Surgical management is usually required for only a small percent of children. Guided growth procedures are done to modulate the growth of the knees. Small pins or metal implants are used to tether the inner part of the knee designed to stop the growth. The outer part of the knees grows normally correcting the deformity.
The implants are placed at a strategic time and need to be removed at a set time for accurate correction of the deformity. The procedure is not a major surgery and patients return to their activities early. Osteotomies are done after the end of the growth spurt in older children.
Knock knee deformity in adults secondary to osteoarthritis or rheumatoid arthritis usually require total knee replacement. Total knee replacement promises correction of deformity, pain-free mobility, and faster rehabilitation.
Early stages of mild deformity may be managed with high tibial osteotomy. The osteotomy literally means cutting of the bone. The surgery involves opening a small wedge in the outer part of the lower end of the thigh bone.
Osteotomy may also be performed on the inner side where a wedge of bone is removed. The osteotomy surgeries require longer rehabilitation and protected weight-bearing.
Total knee replacement offers an excellent treatment for knock knee deformity secondary to arthritis. Occasionally, this may be complicated by excessive tightening of structures on the outer side of the knee. During the surgery, the outer side of the knee joint is carefully stretched/released to prevent damage to the common peroneal nerve.

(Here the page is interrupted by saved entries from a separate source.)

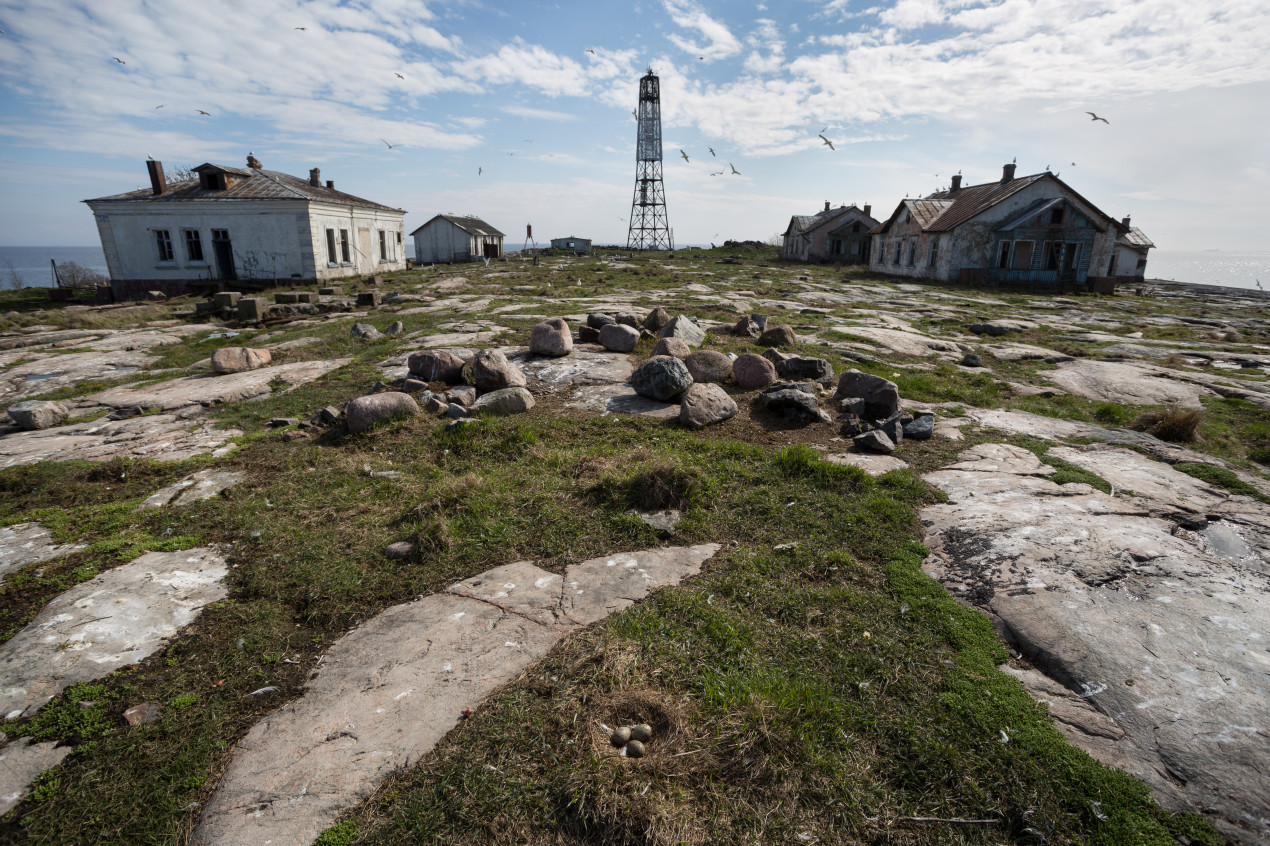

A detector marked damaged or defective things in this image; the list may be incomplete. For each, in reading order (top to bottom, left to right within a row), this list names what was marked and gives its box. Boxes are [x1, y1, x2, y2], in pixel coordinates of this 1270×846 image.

rusty roof [86, 165, 402, 212]
rusty roof [410, 215, 504, 238]
broken window [156, 229, 174, 262]
broken window [184, 229, 204, 262]
broken window [1012, 240, 1032, 270]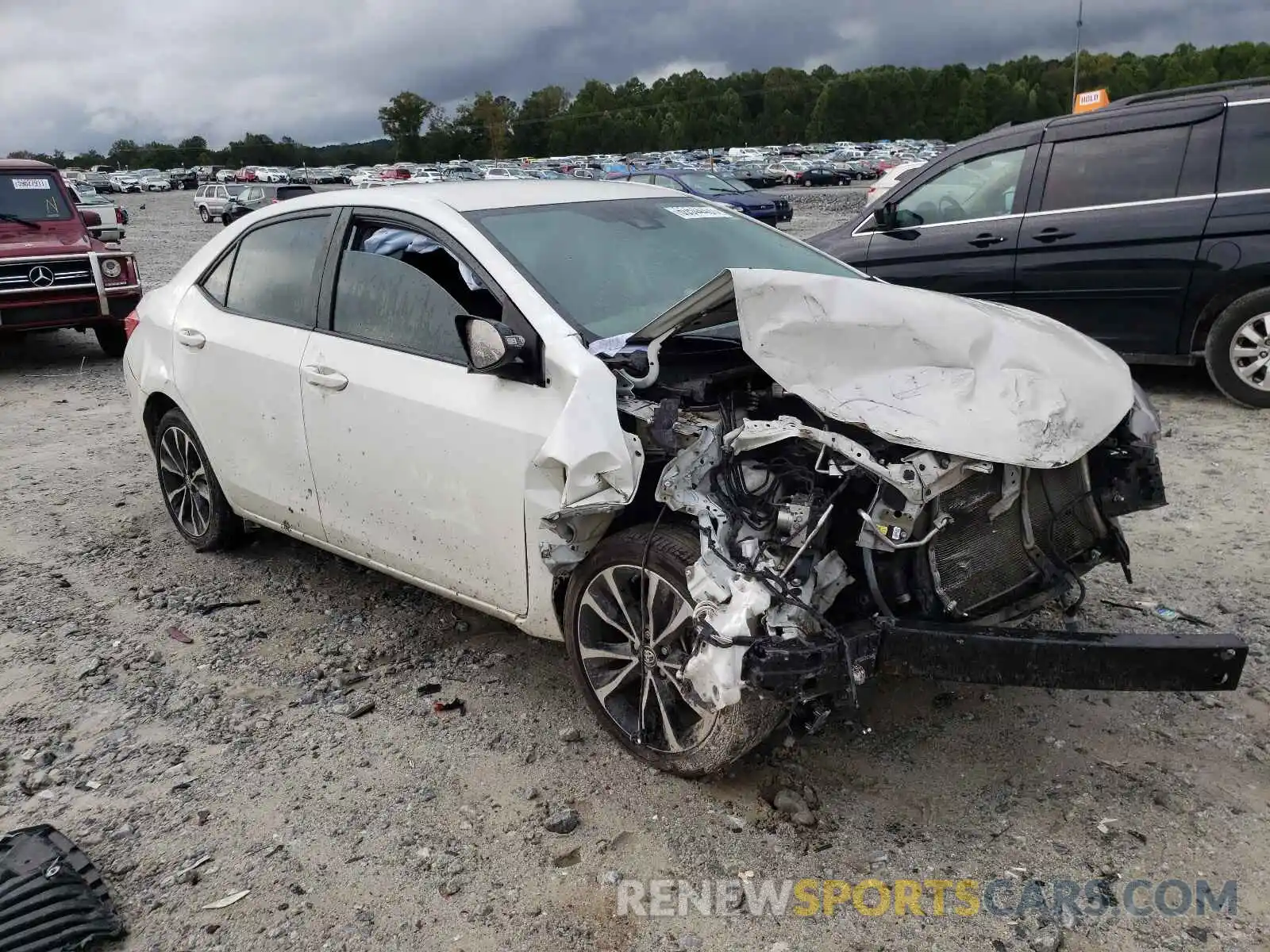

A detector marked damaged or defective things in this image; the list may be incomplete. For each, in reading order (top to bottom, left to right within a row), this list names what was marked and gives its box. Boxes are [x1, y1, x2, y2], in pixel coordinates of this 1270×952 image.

crumpled car hood [629, 269, 1137, 470]
damaged white car [124, 182, 1245, 777]
damaged front bumper [741, 619, 1245, 701]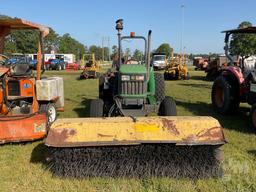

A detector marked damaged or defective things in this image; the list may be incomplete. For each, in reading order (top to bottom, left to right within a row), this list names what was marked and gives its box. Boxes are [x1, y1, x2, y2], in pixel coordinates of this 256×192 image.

rusty broom housing [46, 116, 226, 178]
rust stain [161, 118, 179, 136]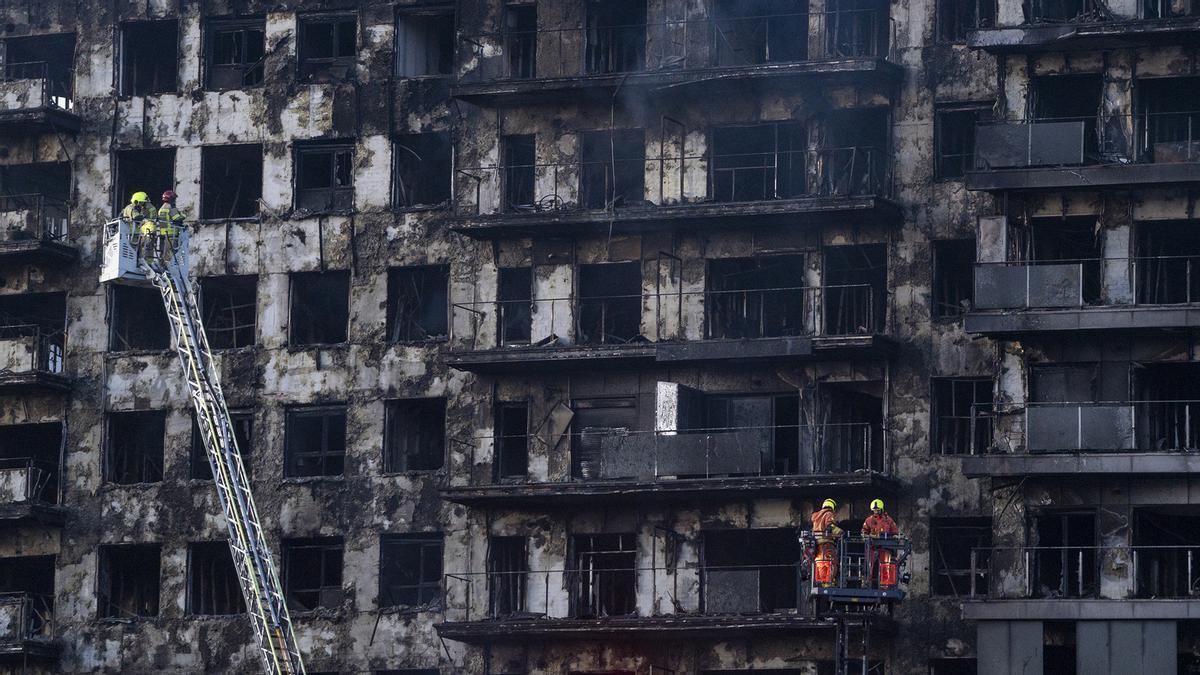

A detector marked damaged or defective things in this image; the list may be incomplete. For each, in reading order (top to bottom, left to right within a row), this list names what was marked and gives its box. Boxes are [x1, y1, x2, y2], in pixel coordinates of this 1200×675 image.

charred window [119, 20, 178, 96]
charred window [205, 19, 264, 90]
charred window [298, 13, 356, 82]
charred window [396, 6, 452, 76]
charred window [584, 0, 644, 75]
broken railing [454, 10, 896, 86]
charred window [712, 0, 808, 65]
charred window [936, 0, 992, 42]
charred window [115, 150, 176, 217]
charred window [202, 145, 262, 219]
charred window [294, 143, 354, 214]
charred window [394, 131, 450, 206]
charred window [502, 135, 536, 211]
charred window [580, 128, 648, 210]
broken railing [454, 147, 896, 217]
charred window [712, 122, 808, 202]
broken railing [976, 110, 1200, 169]
charred window [200, 274, 256, 348]
charred window [290, 270, 350, 346]
charred window [386, 266, 448, 344]
charred window [500, 266, 532, 346]
charred window [576, 262, 644, 346]
broken railing [450, 282, 880, 352]
charred window [704, 256, 808, 340]
charred window [820, 246, 884, 336]
charred window [936, 239, 976, 318]
charred window [105, 410, 165, 484]
charred window [190, 412, 253, 480]
charred window [286, 404, 346, 478]
charred window [384, 398, 446, 472]
charred window [494, 402, 528, 480]
charred window [932, 380, 988, 454]
charred window [97, 548, 159, 620]
charred window [185, 540, 244, 616]
charred window [278, 540, 340, 612]
charred window [380, 536, 440, 608]
charred window [572, 532, 636, 616]
broken railing [442, 564, 808, 620]
charred window [704, 532, 808, 616]
broken railing [964, 548, 1200, 600]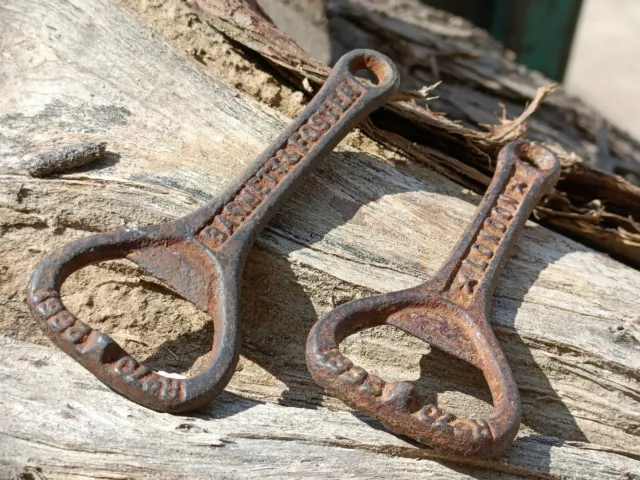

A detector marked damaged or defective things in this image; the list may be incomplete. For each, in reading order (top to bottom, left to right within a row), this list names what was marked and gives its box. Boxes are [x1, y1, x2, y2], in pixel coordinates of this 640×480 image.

The common peroneal nerve passes along the outer side just below the knee joint. Excessive release in the form of stretching may damage the nerve leading to paralysis of key muscles of the foot. In cases where there may be bone loss in the outer compartment of the knee, bone grafts may be utilized during the surgery.
Total knee replacement offers an excellent option in complete correction of the deformity. There is also a relief of pain from arthritis. Successful knee replacement surgeries last for many years or a patients lifespan.